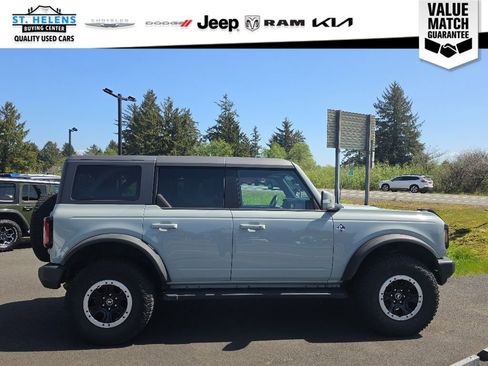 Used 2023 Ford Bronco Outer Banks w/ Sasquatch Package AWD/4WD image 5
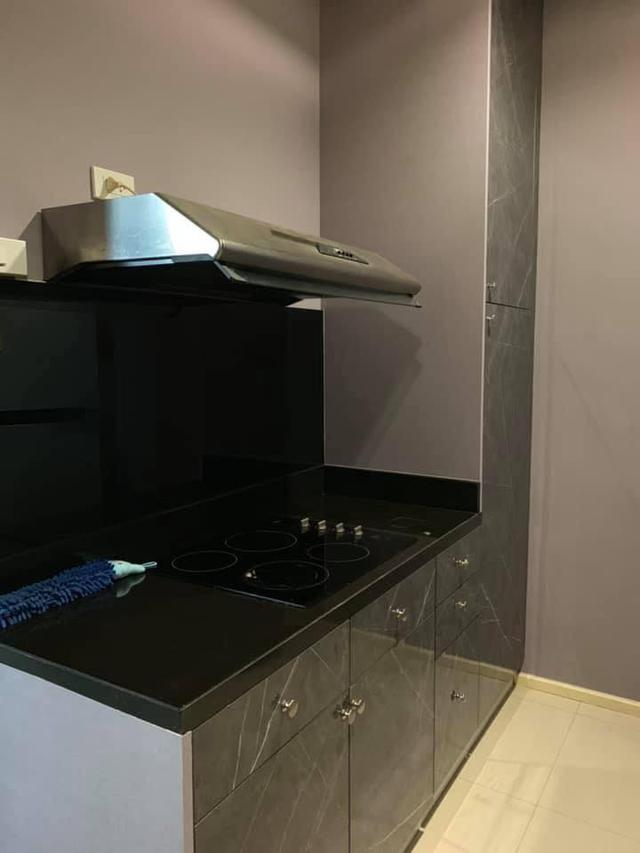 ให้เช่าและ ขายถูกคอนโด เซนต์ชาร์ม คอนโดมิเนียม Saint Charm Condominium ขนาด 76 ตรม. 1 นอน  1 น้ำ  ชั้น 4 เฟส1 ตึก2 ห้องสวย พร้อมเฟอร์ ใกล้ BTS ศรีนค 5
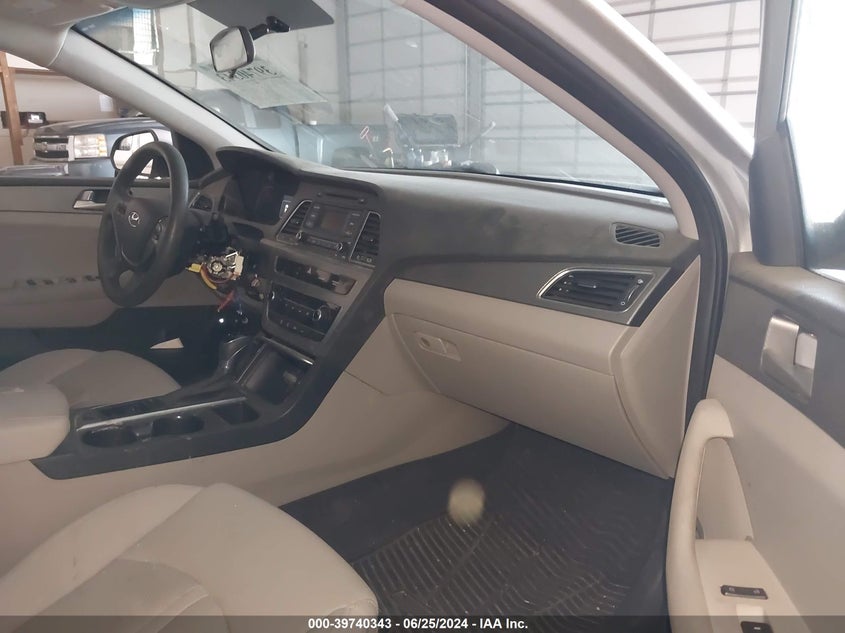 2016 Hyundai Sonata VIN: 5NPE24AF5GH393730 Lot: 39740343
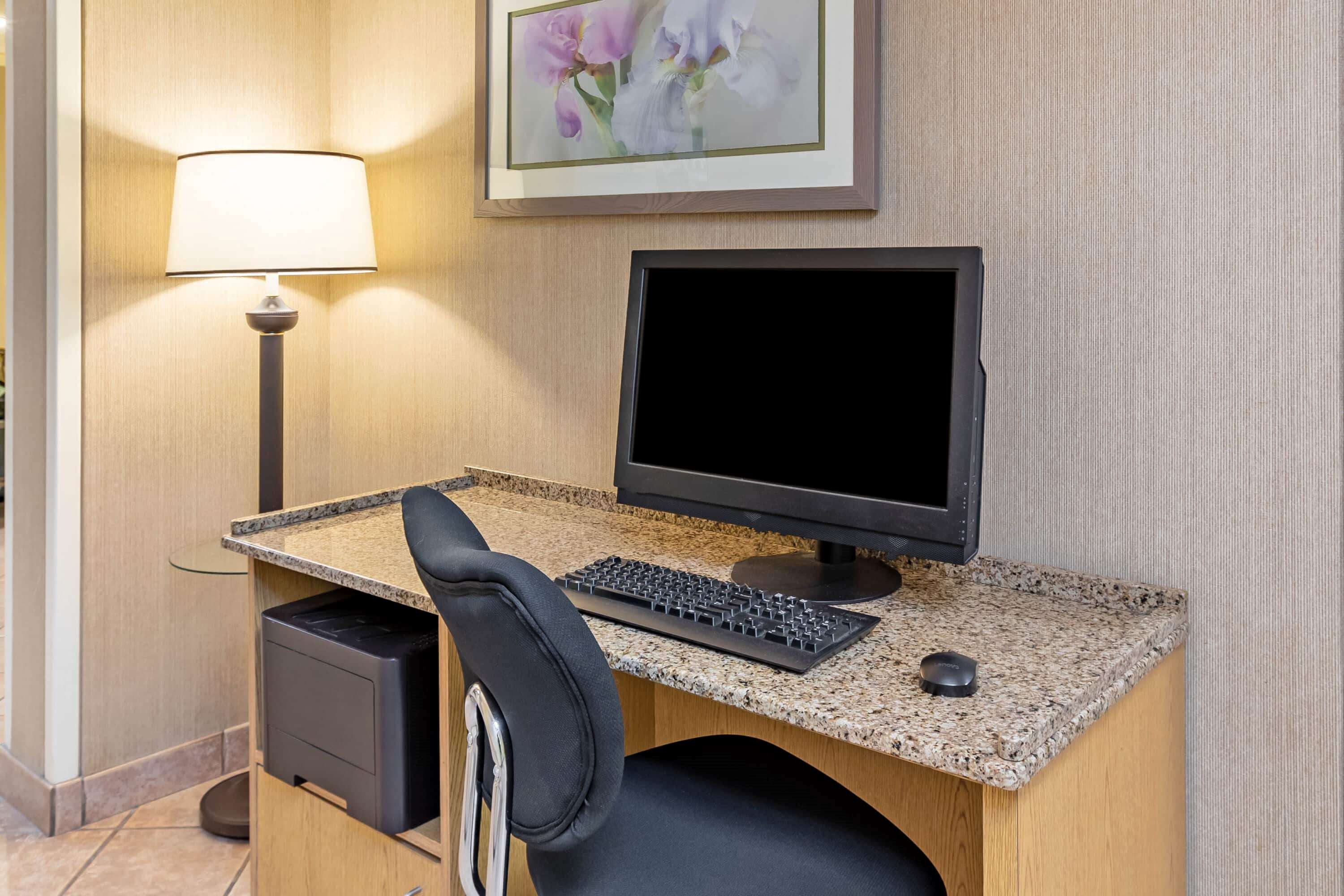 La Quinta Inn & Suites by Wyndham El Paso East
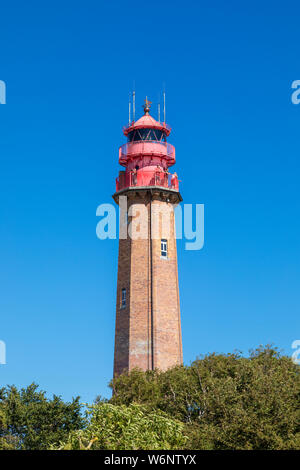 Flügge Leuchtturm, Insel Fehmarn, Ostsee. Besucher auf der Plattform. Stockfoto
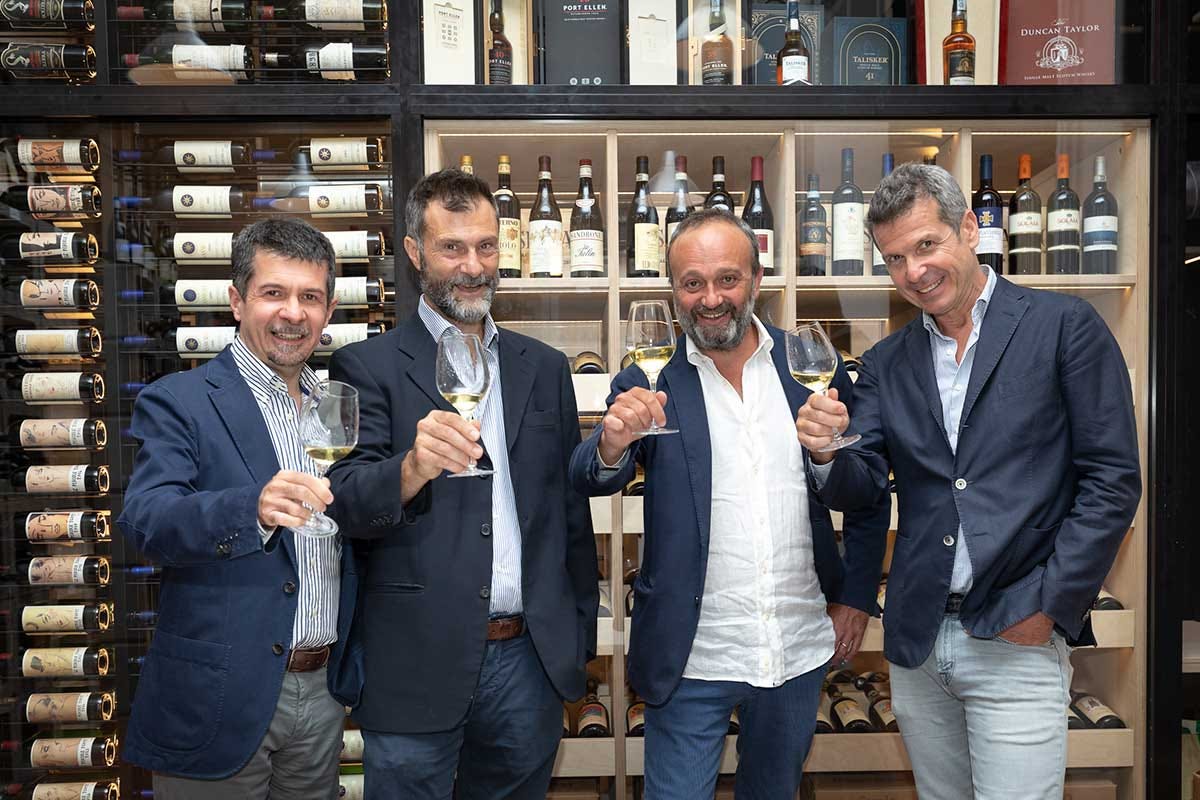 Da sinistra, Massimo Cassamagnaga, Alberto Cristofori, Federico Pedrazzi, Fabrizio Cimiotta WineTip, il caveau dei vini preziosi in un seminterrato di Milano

********

Leave out the pictures and return the listing exactly.

= TASK OUTPUT =
 Used 2023 Ford Bronco Outer Banks w/ Sasquatch Package AWD/4WD image 5
 ให้เช่าและ ขายถูกคอนโด เซนต์ชาร์ม คอนโดมิเนียม Saint Charm Condominium ขนาด 76 ตรม. 1 นอน  1 น้ำ  ชั้น 4 เฟส1 ตึก2 ห้องสวย พร้อมเฟอร์ ใกล้ BTS ศรีนค 5
 2016 Hyundai Sonata VIN: 5NPE24AF5GH393730 Lot: 39740343
 La Quinta Inn & Suites by Wyndham El Paso East
 Flügge Leuchtturm, Insel Fehmarn, Ostsee. Besucher auf der Plattform. Stockfoto
 Da sinistra, Massimo Cassamagnaga, Alberto Cristofori, Federico Pedrazzi, Fabrizio Cimiotta WineTip, il caveau dei vini preziosi in un seminterrato di Milano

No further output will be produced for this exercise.